Under DTC, interest on housing loan for self occupied property up to Rs.
1,50,000 is allowed as deduction from the Gross total income whereas no
deduction is proposed towards repayment of principal amount of housing
loan.

Tax Implication on sale of Residential House property


On transfer of the house property, there will be capital gains tax
implication in the hands of the seller. The taxability of the capital gains is
dependent on the period of holding of the asset. An asset is classified as
long term capital asset if the asset is held for more than 36 months or
otherwise as short term capital asset. The indexation benefit on the cost
of acquisition shall be available in case of sale of a long term capital
asset.

Under the IT Act, long term capital gain is taxable @ 20% plus education
cess whereas short term capital gains is taxable as per the normal slab
rates.

It is important to note that, in case the sale consideration is less than the
stamp duty valuation as prescribed under Section 50C, the stamp duty
value shall be deemed to be the full value of the consideration on such
sale and capital gains shall be calculated accordingly.

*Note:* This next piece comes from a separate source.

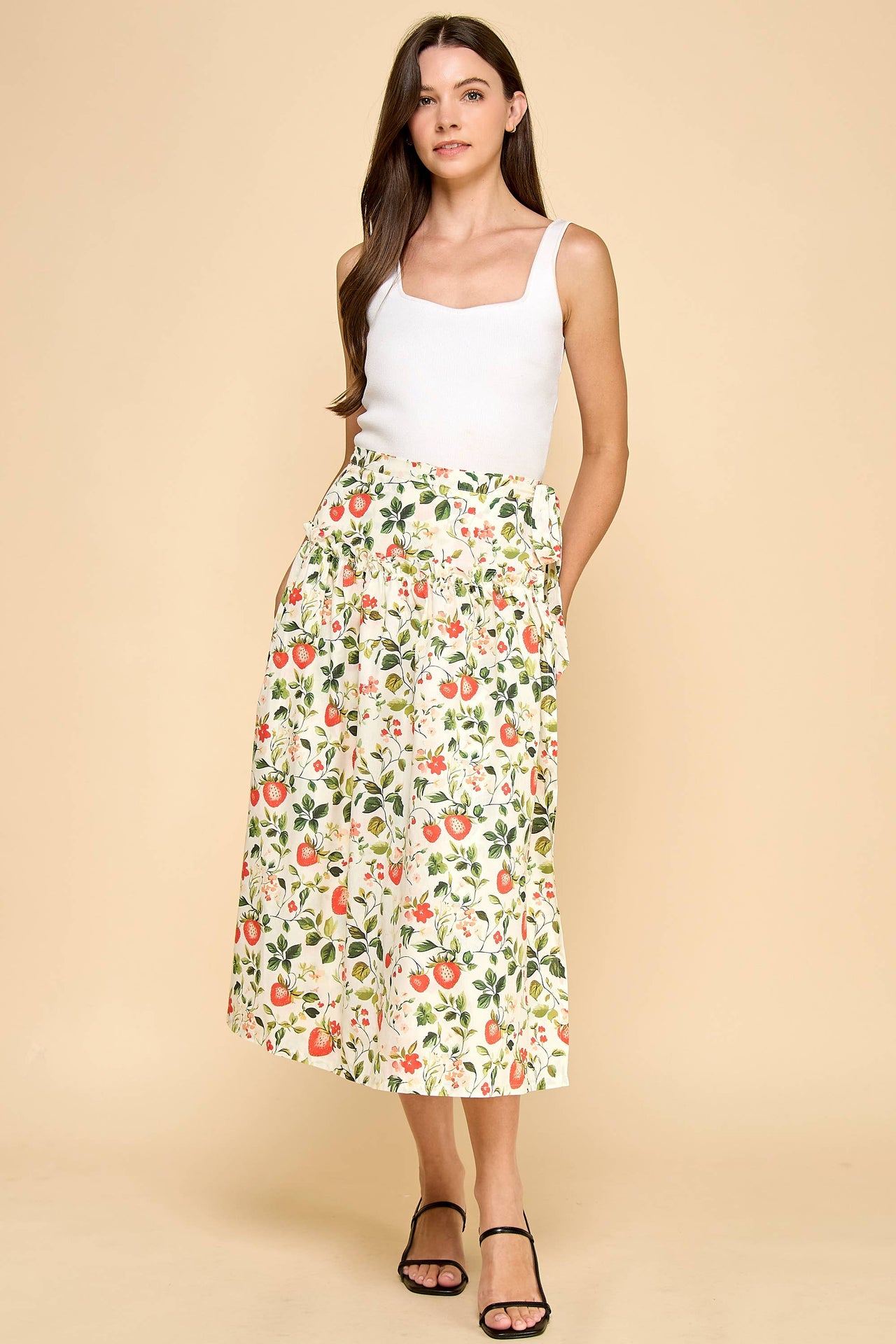 Strawberry Print High Waist Ruffle Detail Skirt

Under DTC, no distinction has been made between long term capital gain
or short term capital gain. Benefits of indexation is available if investment
assets are transferred at any time after 1 year from the end of financial
year in which the assets is acquired by the person. Further no special
rates are provided for capital gains. The Capital gains shall be taxable at
normal slab rate subject to indexation benefit.
Re-investment Benefits on sale of house property
For an Individual, the long term capital gains exemption shall be
available on reinvestment of capital gains / sales proceeds in specified
investment avenues, subject to certain prescribed conditions.
An individual may invest the entire capital gains proceeds under Section
54 of the IT Act in Purchase of a another Residential house property
subject to certain conditions and can claim the exemption from long term
capital gains tax. The other investment avenue could be in the bonds
issued by National Highway Authority of India and / or Rural
Electrification Corporation subject to a maximum cap of Rs. 50 lakhs. The
investments made under section 54 & 54EC are required to be held for a
specified period of 3 years and are subject to certain conditions.

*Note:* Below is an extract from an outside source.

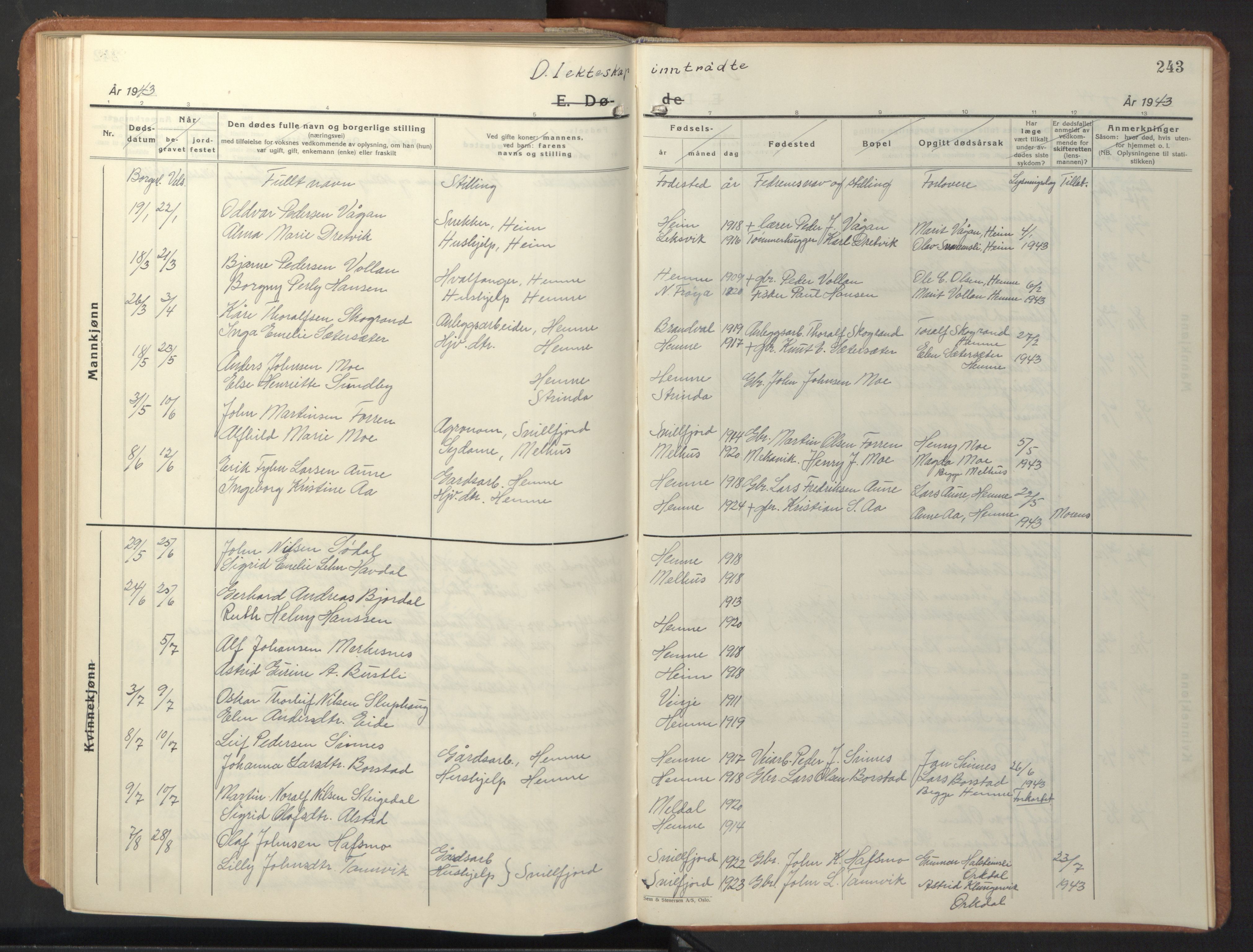 Ministerialprotokoller, klokkerbøker og fødselsregistre - Sør-Trøndelag, SAT/A-1456/630/L0508: Parish register (copy) no. 630C06, 1933-1950, p. 243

Under DTC, deduction in respect of capital gain arising from transfer of


any investment asset shall be allowed if new investment asset (i.e.
residential house property) is purchased provided taxpayer does not own
more than 1 residential house other than new investment asset on the
date of transfer of the original investment asset.

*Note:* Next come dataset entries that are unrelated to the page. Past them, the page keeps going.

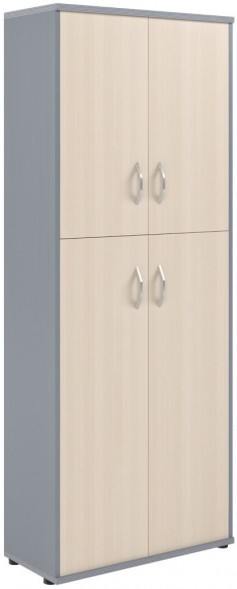 Шкаф с глухими малыми и средними дверьми СТ-1.8 Клен/Металлик 770*365*1975 в Челябинске 
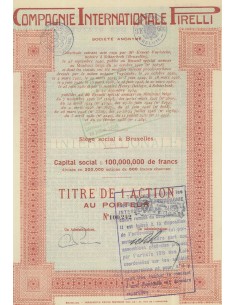 COMPAGNIE INTERNATIONALE PIRELLI - 1 AZIONE BRUXELLES 1934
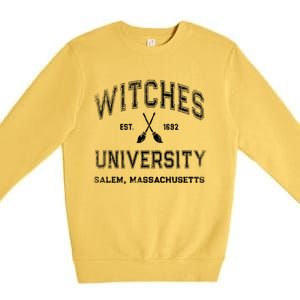 Funny Witches University Salem Massachusetts Witch College Premium Crewneck Sweatshirt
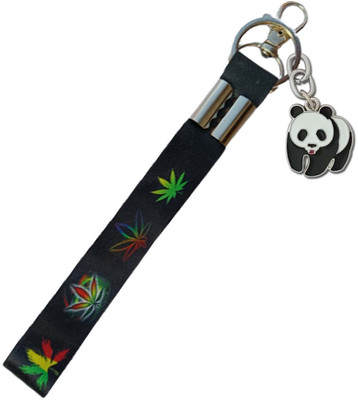 HANDSOME ISK fancy Premium Quality Black Fabric Hook With Panda Lightweight Key Chain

As such, purchase of residential house property besides being one of the


inevitable requirements when properly planned can also be leveraged as
one of the efficient tax saving tool.

Implications under the Wealth Tax Act , 1957


Wealth tax is chargeable in the hands of an Individual in respect of assets
specified under the Wealth Tax Act, 1957 and one of assets covered
therein is a residential house property. However, one house or part of a
house belonging to an individual is exempt without any monetary ceiling
under section 5(vi) of the Wealth Tax Act, 1957.
Currently, wealth tax is charged at a flat rate of 1% of net wealth
exceeding Rs. 30 lakhs (surcharge and / or education cess, not
applicable).

Under DTC, the threshold limit for wealth tax purpose has been proposed
at net wealth exceeding Rs.1 Crore and chargeable at the rate of 1%.